ADMB is a free and open source software suite for non-linear statistical modeling. It was created by David Fournier and now being developed by the ADMB Project, a creation of the non-profit ADMB Foundation. An extension of the language, ADMB-RE is available for modeling random effects.
"AD Model Builder", where the "AD" refers to the automatic differentiation capabilities that come from the AUTODIF Library, a C++ language extension also created by David Fournier, which implements reverse mode automatic differentiation.
Automatic differentiation (AD) is a method to evaluate the derivative of a function. Unlike, symbolic differentiation, AD can work on extremely complex problems. And AD methods are more precise than the approximations that come from numerical differentiation. These calculations are done behind the scenes, so the user needs only to provide the code to calculate an objective function to be minimized. One minor challenge of using AD methods is that care needs to be taken that the objective function to be minimized is differentiable with respect to the parameters. To meet this challenge, ADMB provides some the smoothed alternatives to functions like absolute value that can be used to keep things differentiable. For more details, see Automatic Differentiation on Wikipedia.
The main advantages are speed, accuracy, stability, and the ability to build large models. ADMB has been estimated to perform faster at solving complex optimization problems than the numerical programming languages GAUSS, MATLAB, S-PLUS, and R. In one example, ADMB solved a minimization problem with 100 parameters in 3 seconds, while the "nlminb" function in R took 93 minutes to achieve the same solution (see http://otter-rsch.com/tresults.htm for code of both models).
The major problem in nonlinear statistical modeling is fitting the model to data. This involves nonlinear optimization. For the kinds of problems generally encountered in statistical modeling the best nonlinear optimization routines employ the derivatives of the function being maximized. Spreadsheet solvers and other statistical modeling packages use finite difference approximations for the derivatives of the function to be maximized in their solvers. This approach has two major limitations. The inaccuracy of the derivative approximations leads to instability in the solver. The result is that the solver becomes unreliable for ill-conditioned problems (naturally most real problems of interest are ill-conditioned). Also with finite difference approximations it takes at least n function evaluations to obtain the finite difference approximation for a function with n independent variables. As a result it is generally impossible to fit models with more than 20 or so parameters reliably with this approach. The automatic differentiation used by ADMB makes it possible to fit models with hundreds or even thousands of parameters in an efficient and reliable manner. In addition AD Model Builder produces a compiled executable which generally executes faster than the interpreters used by spreadsheets and other statistical packages.
Well of course a model should only have as many parameters as it needs - no more but no less. One use of many parameters in statistical models is in the Bayesian equivalent of structural time-series models. In this approach parameters which would be assumed to be constant in the classical frequentist approach are allowed to vary slowly over time if there is evidence in the data being analyzed which supports such change.

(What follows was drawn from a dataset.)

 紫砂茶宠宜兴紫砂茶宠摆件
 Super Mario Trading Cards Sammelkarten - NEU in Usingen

The advantage of the Bayesian approach over the structural time series approach is that the methods are exact even in the nonlinear case and it is simple to replace the usual assumption of normality with robust distributions.

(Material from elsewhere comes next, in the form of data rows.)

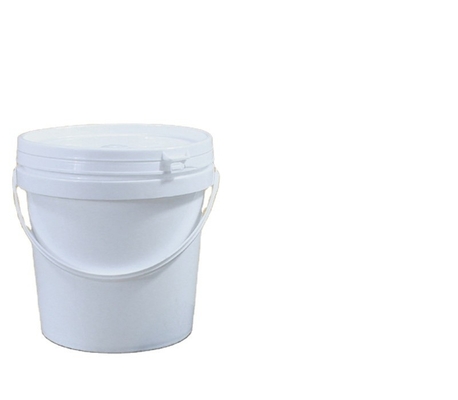 Buy 2L Unbreakable PP Round Bucket with Handle Transparent Plastic Food Grade Container online manufacture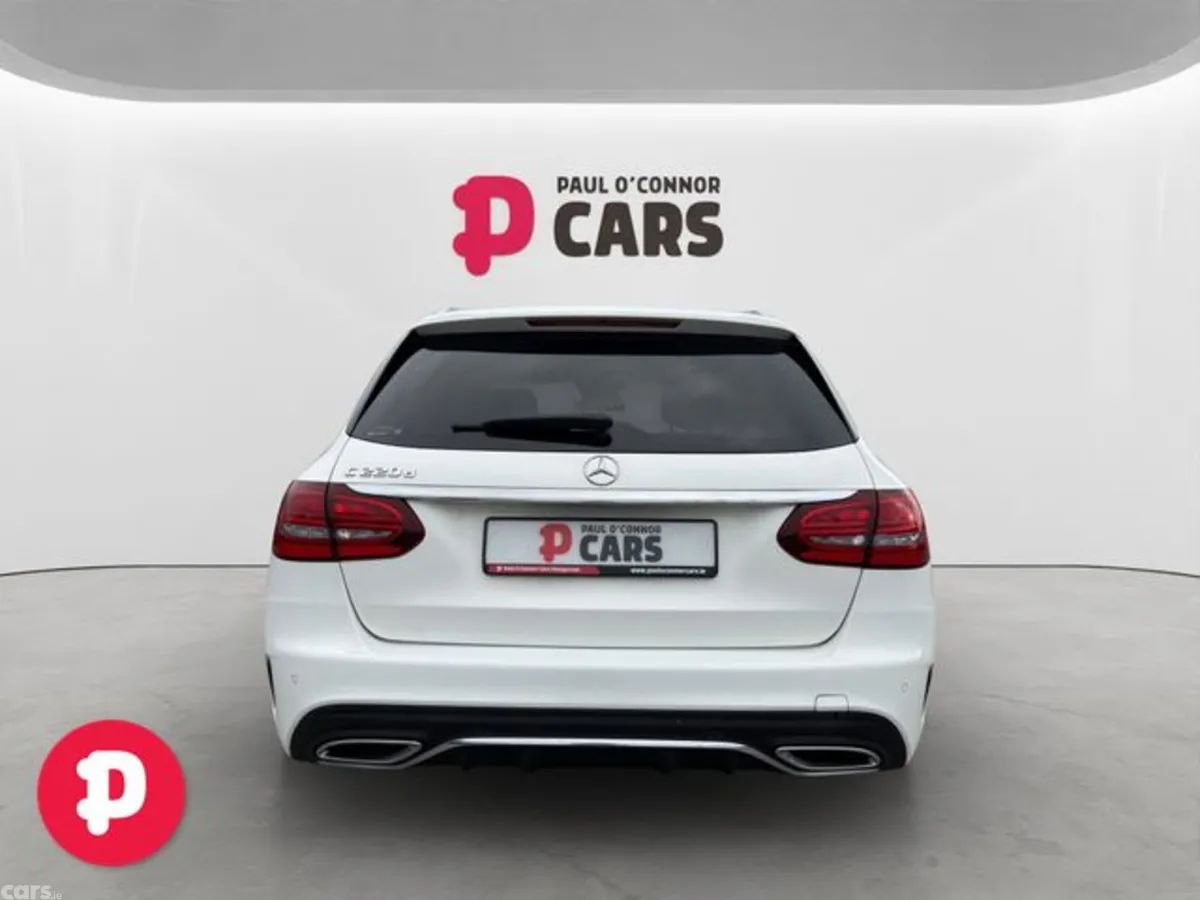 Mercedes-Benz C-Class Estate, Diesel, 2019, White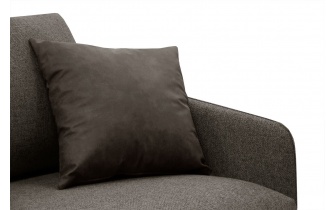 Canapé d'angle gauche 4 places SOGEL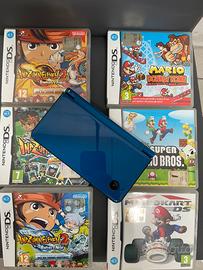 Nintendo ds xl + giochi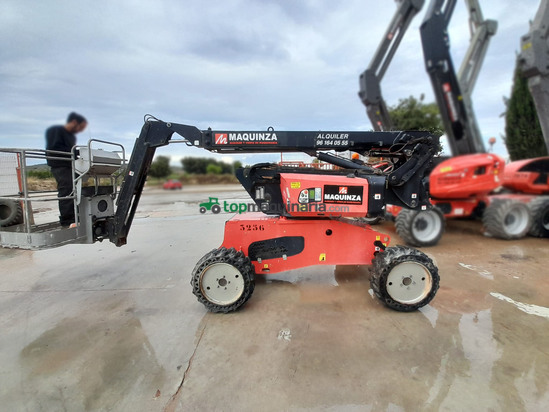 Brazo MANITOU MAN GO 12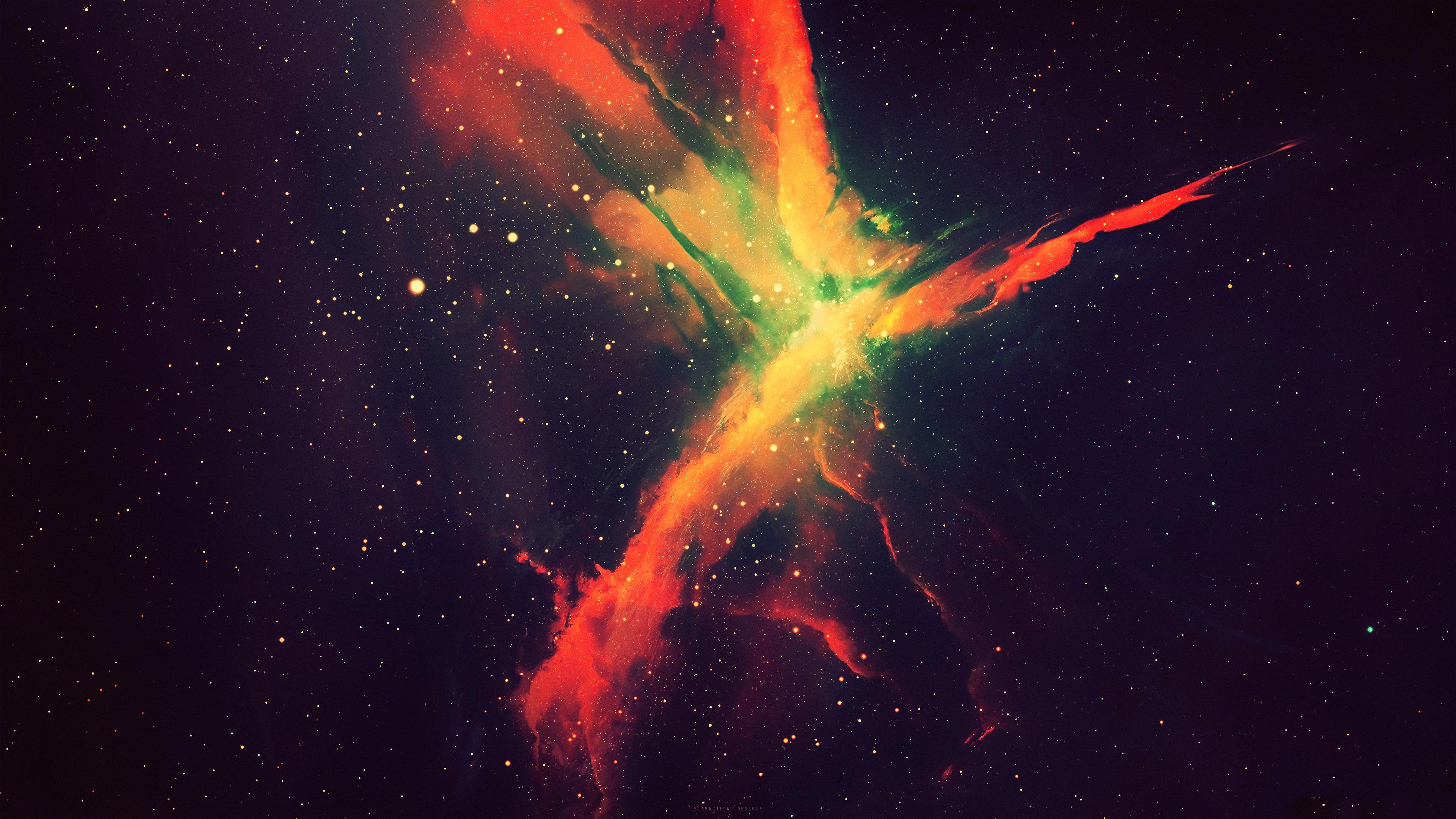 Nebula Desktop Wallpaper 4K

From the downloads page on this website.
ADMB is available for Windows, Mac OS X, Linux, and OpenSolaris. 64-bit versions for Windows are not yet complete, but all other systems have both 32-bit and 64-bit versions available.
The syntax of ADMB is based on C++, so any knowledge of C++ or similar languages will be useful. However it is not necessary to know any of the advanced object-oriented aspects of C++ programming such as classes, derived classes, function overloading etc. to use ADMB. A key requirement of ADMB compared to C++ is that parameters have to be declared in a special way that notifies the program that these are the quantities with respect to which the derivative of the objective function will be calculated.
The ADMB downloads include a collection of example files and more examples are available on the examples page of this website. The documentation has numerous snippets of code that can be adapted to your needs.
If you use BUGS, there is an article about converting WinBUGS to ADMB in the June 2010 edition of the ADMB Foundation Newletter.
ADMB employs an open architecture. It is possible to insert any legal C++ code into many parts of the template to customize the performance of your model. Also if desired you can always work directly with the C++ source code which ADMB produces from your TPL file.
Yes, courses have been offered by various people with experience in ADMB. A list of previously offered courses and contact information for potential instructors is at http://admb-project.org/courses. The University of Washington has also offered a course "Numerical Computing for the Natural Resources" taught by Andre Punt, which is focused on ADMB. Other Universities may offer courses as well (let us know so they can be added to this FAQ).
A growing group of people in a variety of fields. The largest group of users are working in fisheries science, both because David Fournier, the creator of ADMB has worked in this field, and because fisheries models often have hundreds of parameters and would be intractable without ADMB. A list of worldwide institutions using ADMB is available here. A list of publications that depend on ADMB is posted here.
David Fournier created ADMB, ADMB-RE, and the AUTODIF Library in the 1980s. More information on the history of ADMB is available here.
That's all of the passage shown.